Segment Start: Dataset records

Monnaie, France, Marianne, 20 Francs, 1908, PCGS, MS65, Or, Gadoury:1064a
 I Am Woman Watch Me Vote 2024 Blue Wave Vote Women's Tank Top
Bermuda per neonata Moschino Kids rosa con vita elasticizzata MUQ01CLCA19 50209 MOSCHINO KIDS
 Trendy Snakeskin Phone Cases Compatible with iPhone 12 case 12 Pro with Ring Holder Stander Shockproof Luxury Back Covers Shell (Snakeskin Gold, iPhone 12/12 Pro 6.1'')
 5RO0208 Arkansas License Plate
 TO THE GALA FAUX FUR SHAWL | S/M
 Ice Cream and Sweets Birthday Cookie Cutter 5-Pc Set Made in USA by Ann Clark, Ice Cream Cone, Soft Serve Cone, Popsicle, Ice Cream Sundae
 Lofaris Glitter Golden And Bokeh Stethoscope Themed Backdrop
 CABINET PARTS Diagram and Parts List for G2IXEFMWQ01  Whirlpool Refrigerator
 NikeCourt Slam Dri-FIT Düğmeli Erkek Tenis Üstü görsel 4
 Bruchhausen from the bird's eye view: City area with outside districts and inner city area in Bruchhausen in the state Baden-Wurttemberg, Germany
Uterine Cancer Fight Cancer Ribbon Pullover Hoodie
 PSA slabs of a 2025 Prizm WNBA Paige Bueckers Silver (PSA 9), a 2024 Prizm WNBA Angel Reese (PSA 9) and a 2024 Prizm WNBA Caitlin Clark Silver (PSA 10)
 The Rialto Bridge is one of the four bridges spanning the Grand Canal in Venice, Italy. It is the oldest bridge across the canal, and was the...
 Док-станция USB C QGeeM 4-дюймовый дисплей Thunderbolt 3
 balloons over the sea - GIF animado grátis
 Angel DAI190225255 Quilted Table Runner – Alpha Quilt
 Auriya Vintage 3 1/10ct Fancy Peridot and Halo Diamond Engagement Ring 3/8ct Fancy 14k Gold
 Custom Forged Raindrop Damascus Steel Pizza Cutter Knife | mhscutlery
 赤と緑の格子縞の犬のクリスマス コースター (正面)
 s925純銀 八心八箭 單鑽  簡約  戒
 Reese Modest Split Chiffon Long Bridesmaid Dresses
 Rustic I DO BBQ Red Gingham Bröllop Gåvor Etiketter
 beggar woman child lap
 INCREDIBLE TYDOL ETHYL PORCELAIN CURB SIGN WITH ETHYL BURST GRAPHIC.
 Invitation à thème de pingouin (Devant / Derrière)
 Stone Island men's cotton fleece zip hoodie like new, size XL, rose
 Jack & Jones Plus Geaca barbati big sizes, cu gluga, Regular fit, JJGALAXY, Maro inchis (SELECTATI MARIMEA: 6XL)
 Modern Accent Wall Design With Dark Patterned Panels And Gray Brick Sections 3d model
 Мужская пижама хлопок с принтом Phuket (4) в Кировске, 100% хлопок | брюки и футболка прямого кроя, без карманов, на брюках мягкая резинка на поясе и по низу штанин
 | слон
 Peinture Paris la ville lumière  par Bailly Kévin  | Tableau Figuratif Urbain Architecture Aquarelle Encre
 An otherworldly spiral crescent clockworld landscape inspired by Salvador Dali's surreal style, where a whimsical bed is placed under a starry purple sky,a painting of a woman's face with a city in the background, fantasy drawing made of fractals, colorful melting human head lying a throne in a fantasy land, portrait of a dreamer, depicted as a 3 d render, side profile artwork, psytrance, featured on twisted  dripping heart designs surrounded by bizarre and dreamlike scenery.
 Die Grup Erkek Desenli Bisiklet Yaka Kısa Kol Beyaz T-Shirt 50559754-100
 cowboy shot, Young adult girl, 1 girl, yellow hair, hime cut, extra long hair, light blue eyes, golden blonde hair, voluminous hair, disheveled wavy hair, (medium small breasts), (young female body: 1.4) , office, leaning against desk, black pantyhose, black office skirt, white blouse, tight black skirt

Segment End: Dataset records

What is expected: Nothing but a number belongs in the answer: the number of lines above that contain "Reese".

Result of this exercise: 2